WHAT TO DO » Below are lines of records; copy exactly those from the one containing "SANDCASTLES AT DORAL - Residential" through the one containing "Boneca Evi Love Urso Gulliver Foto", leaving the pictures behind.

RECORDS PROVIDED »
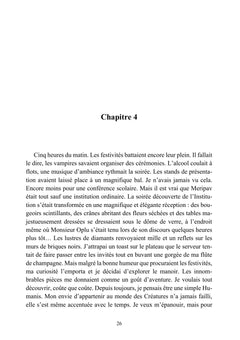 Le Royaume Infernal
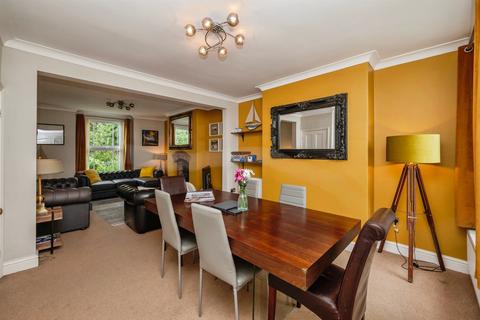 3 bedroom terraced house for sale, St. Johns Road, Stalham, Norwich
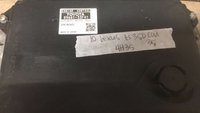2010 Lexus ES350 ecm ecu computer 2010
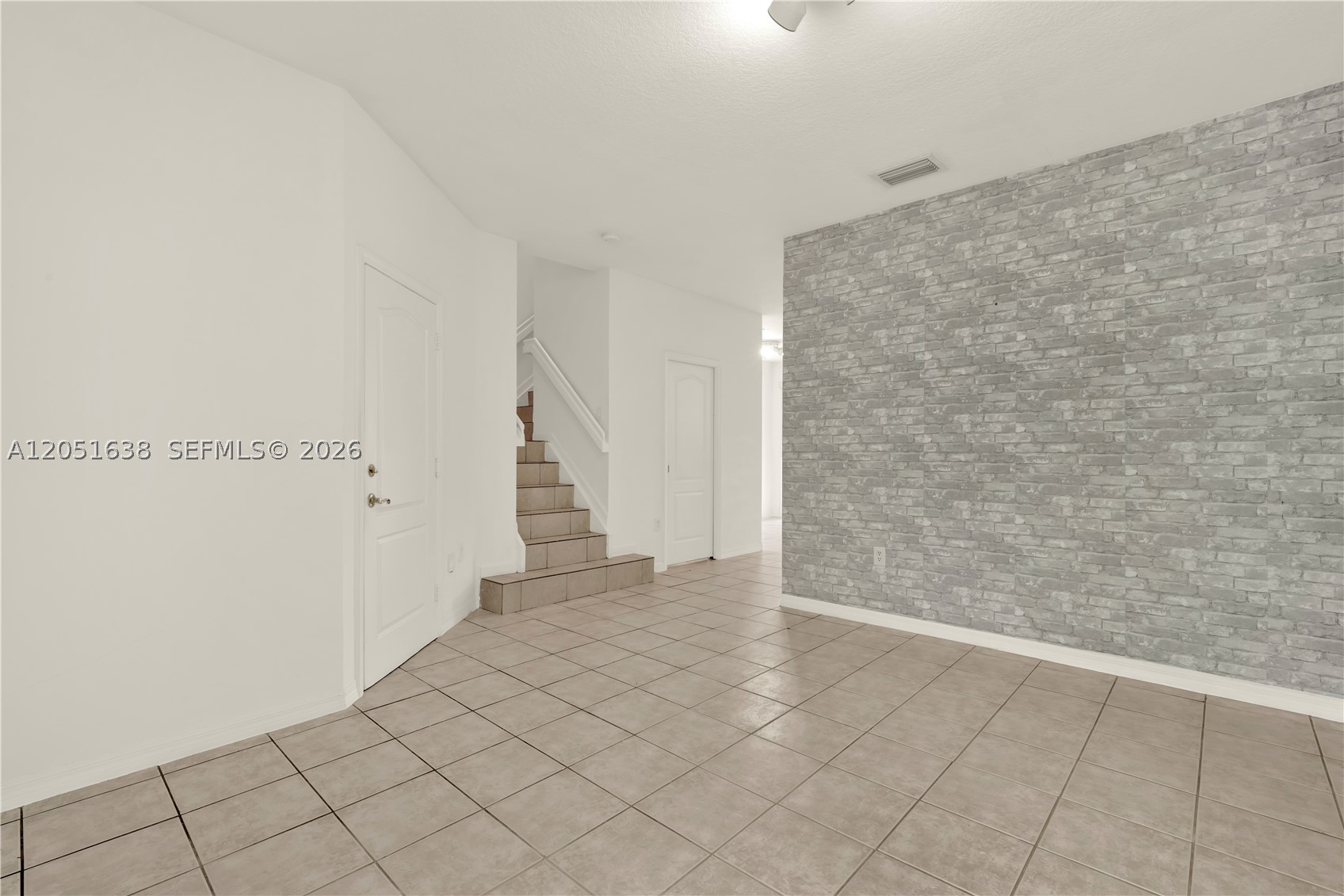 SANDCASTLES AT DORAL - Residential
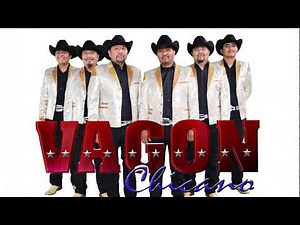 Éxitos de Vagon Chicano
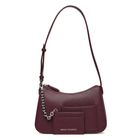 Ženska torba Armani Exchange Bag mila mini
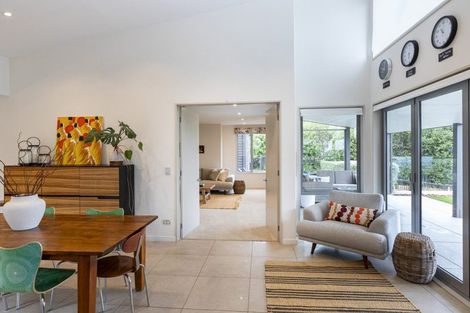 Photo of property in 11 Stonewall Place, Huntsbury, Christchurch, 8022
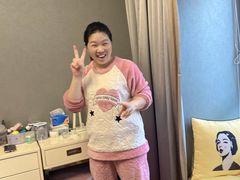 -爱贝尔高端月嫂(母婴护理)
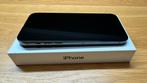 Apple iPhone 14 Pro Max gris sidéral 256 Go, Comme neuf, Noir, 90 %, Sans abonnement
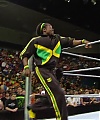 WWE_ECW_02_26_08_Kelly_Kofi_vs_Layla_Santino_mp42034.jpg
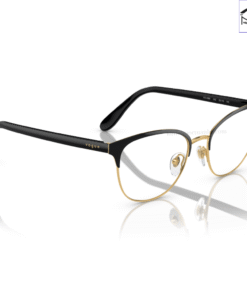Gọng kính VOGUE 0VO4088 12 Gọng kính VOGUE 0VO4088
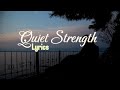 Quiet Strength |  SIboboy Music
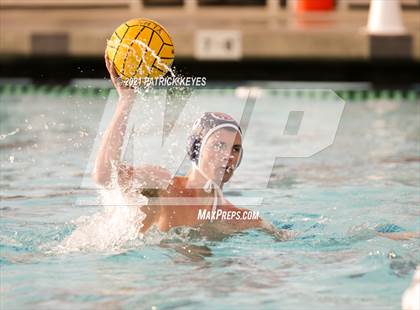 Thumbnail 1 in Foothill @ Yorba Linda photogallery.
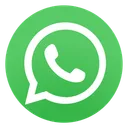 Free Whatsapp Icon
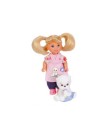 Boneca Evi Love Urso Gulliver Foto Boneca Evi Love Urso Gulliver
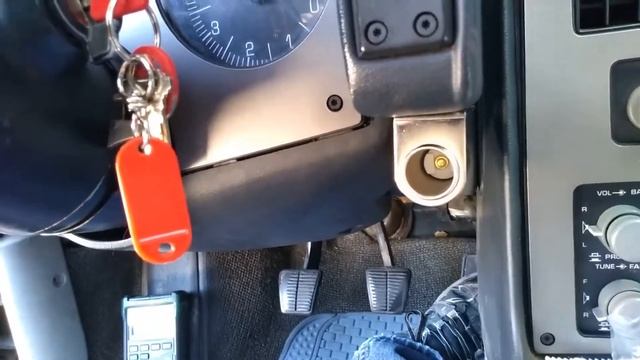 Fiero Bluetooth without making mods смотреть онлайн
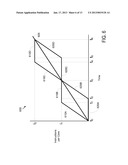 METHOD AND SYSTEM FOR REDUCING THERMAL LOAD BY FORCED POWER COLLAPSEAANM SALSBERY; BrianAACI SuperiorAAST COAACO USAAGP SALSBERY; Brian Superior CO USAANM Medrano; Christopher LeeAACI LongmontAAST COAACO USAAGP Medrano; Christopher Lee Longmont CO US diagram and image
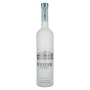 Belvedere Vodka 40% Vol. 1,75l | Polijas degvīns | 🌾 Whisky Ambassador | Online Shop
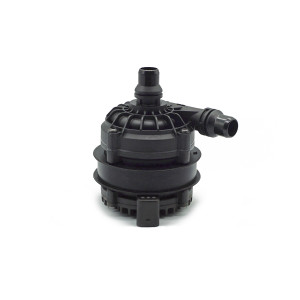 Additional coolant pump for BMW G60, G61, G68 and I20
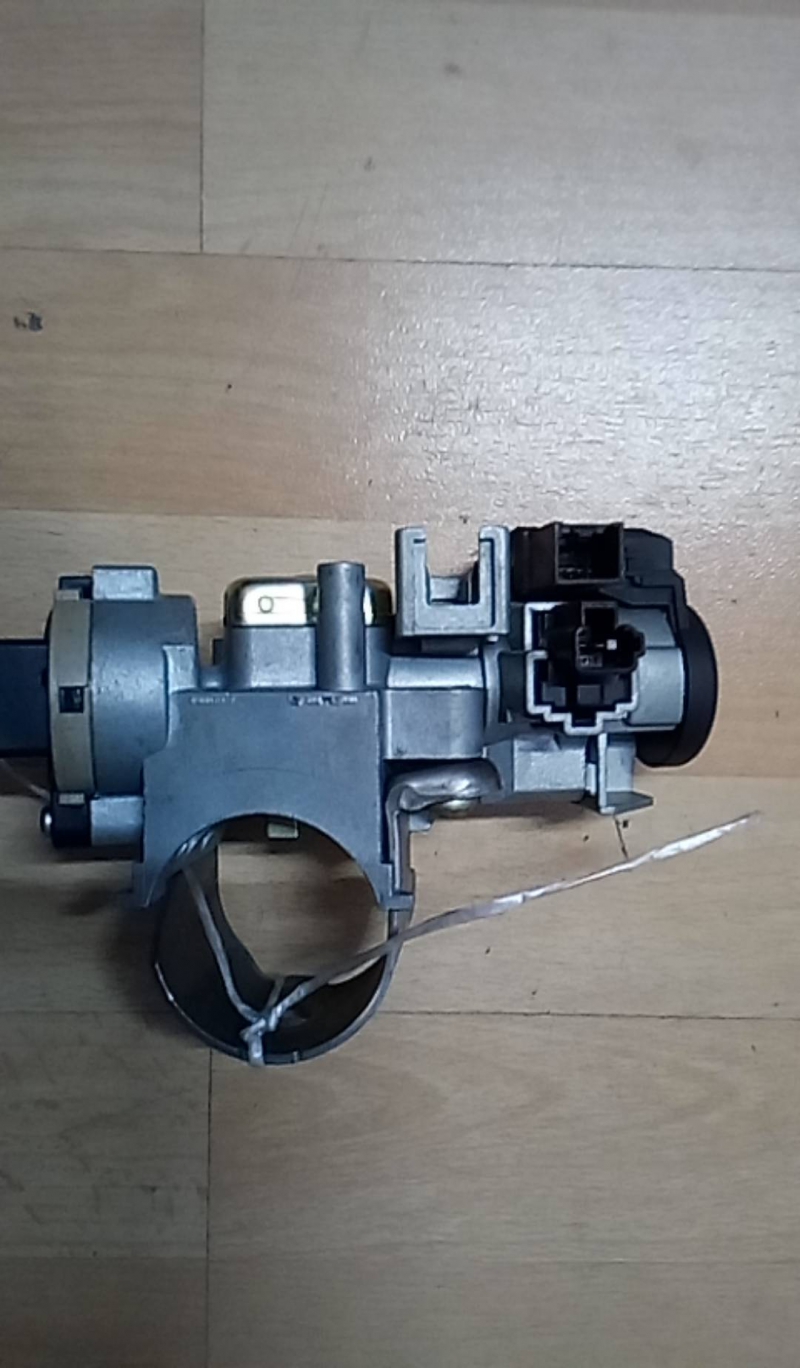 Canhão ignição (20185232).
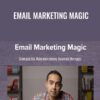 Email Marketing Magic – Pat Flynn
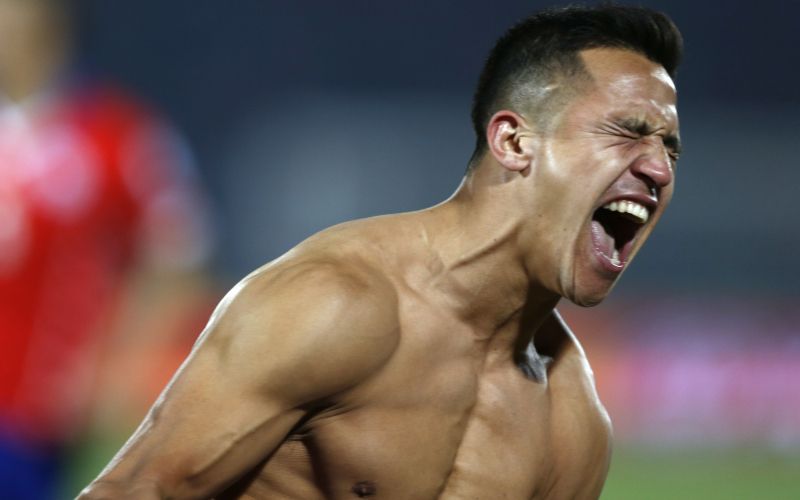 sanchez1.jpg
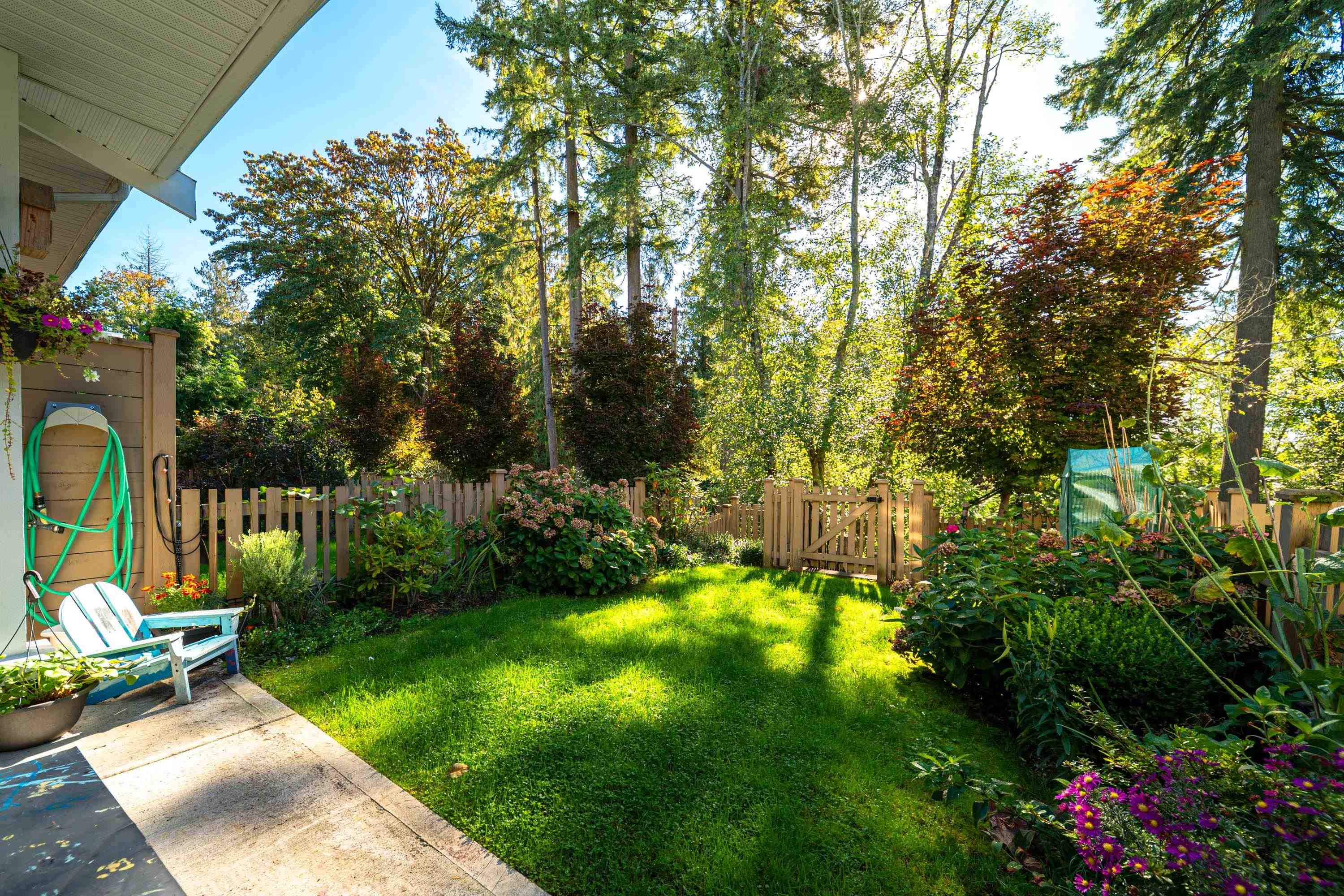 66 24108 104 AVENUE Unit: 66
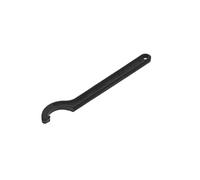 GEDORE Chiave a settore compatibile con 40 25-28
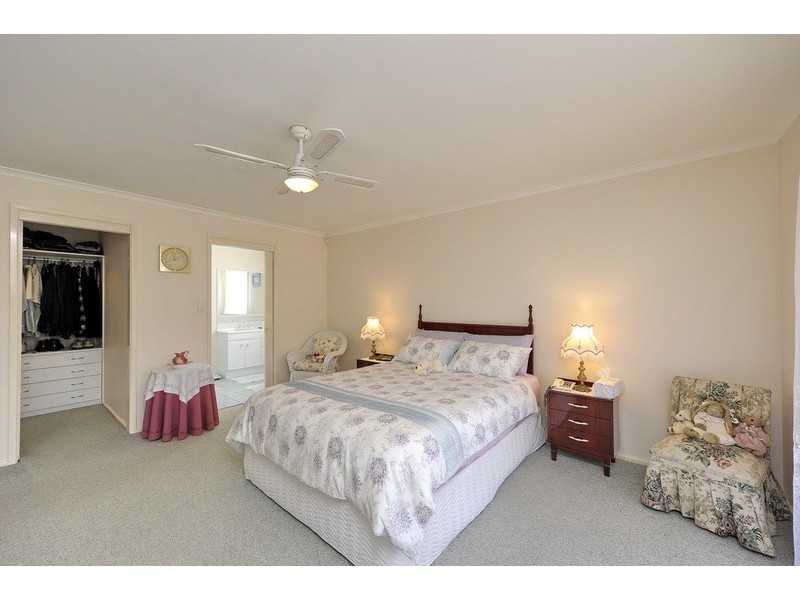 116 Old Main Rd, Anna Bay NSW 2316
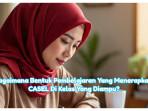 Modul-2-PSE-Topik-1-Bagaimana-bentuk-pembelajaran-yang-menerapkan-CASEL-di-kelas-yang-diampu.jpg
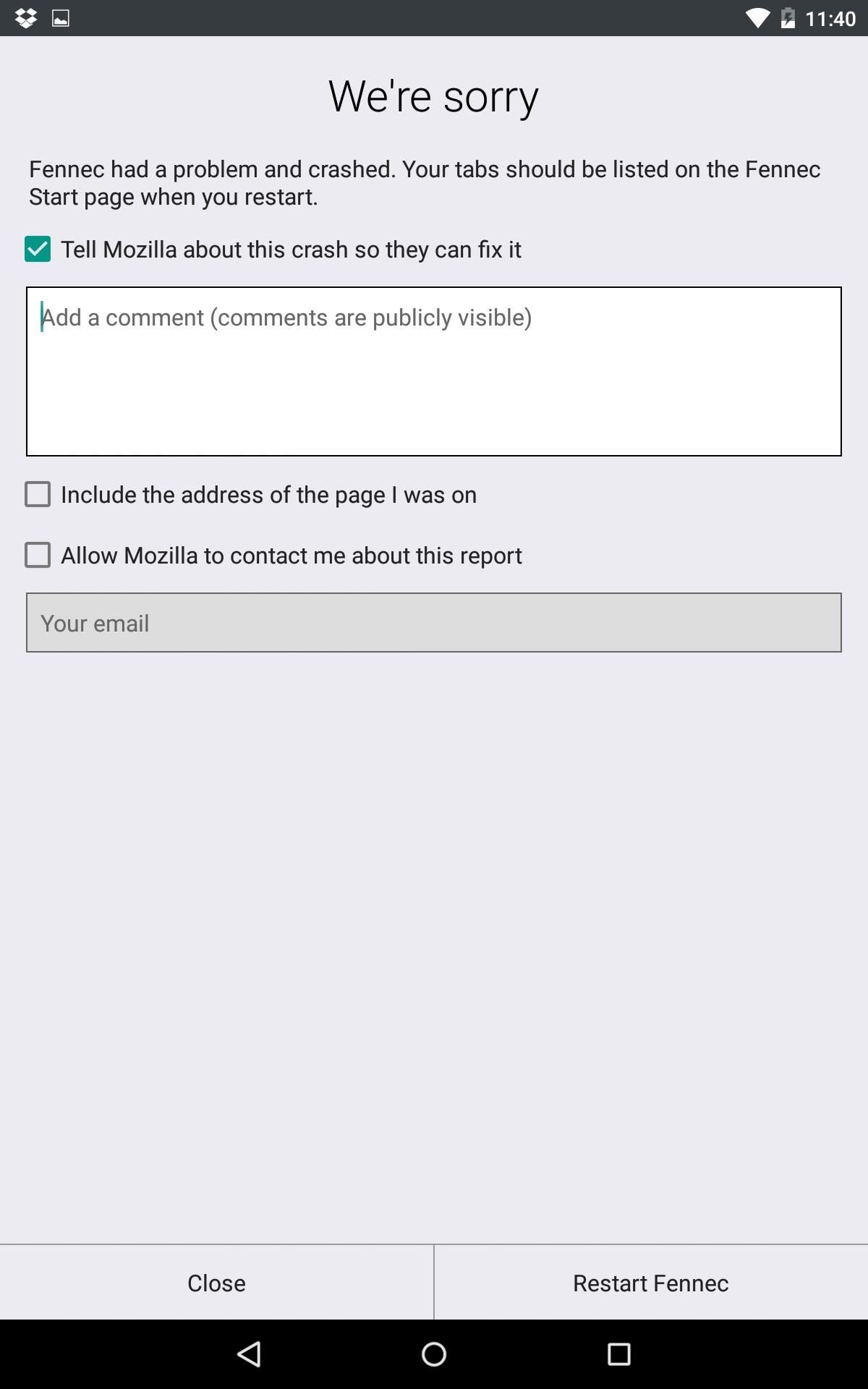 install-firefox-os-android-without-any-rooting-roms-w1456-7 How to Install Firefox OS on Android Without Any Rooting or ROMs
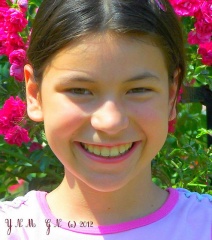 File:Sourire.jpg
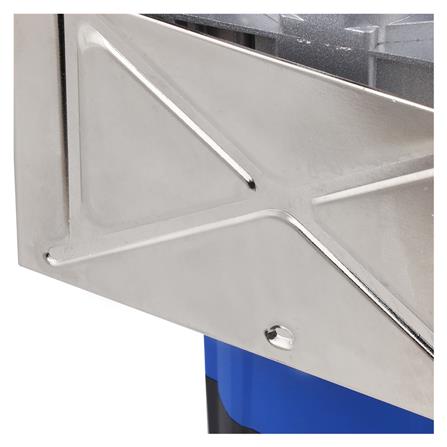 เครื่องตัดหิน HYUNDAI HD 310S 1400 วัตต์_3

WRITTEN SOLUTION »
 SANDCASTLES AT DORAL - Residential
 Éxitos de Vagon Chicano
 Ženska torba Armani Exchange Bag mila mini
 Photo of property in 11 Stonewall Place, Huntsbury, Christchurch, 8022
 -爱贝尔高端月嫂(母婴护理)
 Apple iPhone 14 Pro Max gris sidéral 256 Go, Comme neuf, Noir, 90 %, Sans abonnement
 WWE_ECW_02_26_08_Kelly_Kofi_vs_Layla_Santino_mp42034.jpg
Gọng kính VOGUE 0VO4088 12 Gọng kính VOGUE 0VO4088
 Quiet Strength |  SIboboy Music
 Thumbnail 1 in Foothill @ Yorba Linda photogallery.
 Free Whatsapp Icon
 Boneca Evi Love Urso Gulliver Foto Boneca Evi Love Urso Gulliver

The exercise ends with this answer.